Berikut rincian hukum menurut para ulama:
1. Keringanan (Rukhshah)
Berdasarkan hadits Nabi ﷺ, umat Islam yang
telah melaksanakan shalat Idul Fitri diperbolehkan untuk tidak
menghadiri shalat Jumat.
2. Wajib Mengganti dengan Shalat Zuhur
Bagi yang tidak melaksanakan shalat Jumat, maka wajib menggantinya dengan
shalat Zuhur sebagai bentuk penyempurnaan kewajiban ibadah.
3. Tetap Lebih Utama Melaksanakan Jumat
Meskipun terdapat keringanan, melaksanakan shalat Jumat tetap lebih utama (afdhal),
terutama bagi yang jarak masjidnya dekat dan tidak memiliki uzur.

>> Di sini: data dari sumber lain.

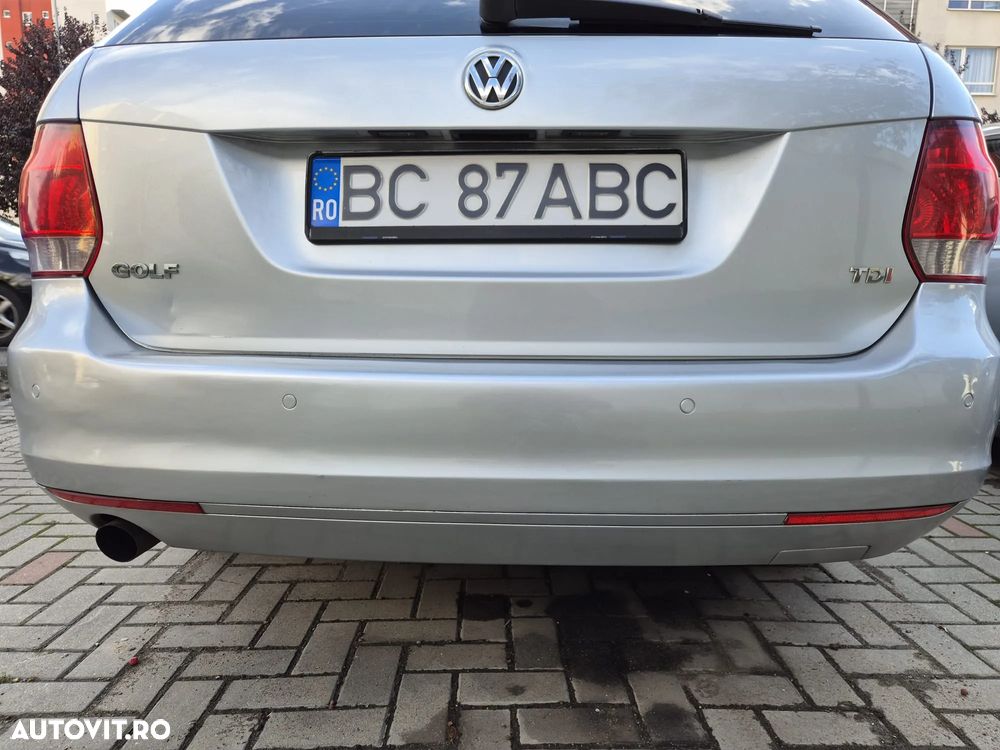 Volkswagen Golf 1.6 TDI DPF Style - 33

4. Bagi yang Tidak Shalat Id
Bagi umat Islam yang tidak mengikuti shalat Id, maka kewajiban shalat
Jumat tetap berlaku dan tidak gugur.
5. Perbedaan Pendapat Mazhab
Mazhab Hambali cenderung memberikan keringanan untuk tidak melaksanakan
shalat Jumat, sedangkan Mazhab Syafi’i—yang menjadi pegangan mayoritas
umat Islam di Indonesia—tetap menganjurkan pelaksanaan shalat Jumat.
Selain itu, imam dan pengurus
masjid tetap wajib menyelenggarakan shalat Jumat untuk melayani jamaah yang
tetap ingin melaksanakannya.
Kesimpulannya, terdapat kebolehan untuk tidak
melaksanakan shalat Jumat bagi yang telah menunaikan shalat Id, namun tetap
wajib menggantinya dengan shalat Zuhur. Meskipun demikian, menjaga keutamaan
dengan tetap melaksanakan shalat Jumat sangat dianjurkan demi meraih
kesempurnaan ibadah dan menjaga syiar Islam.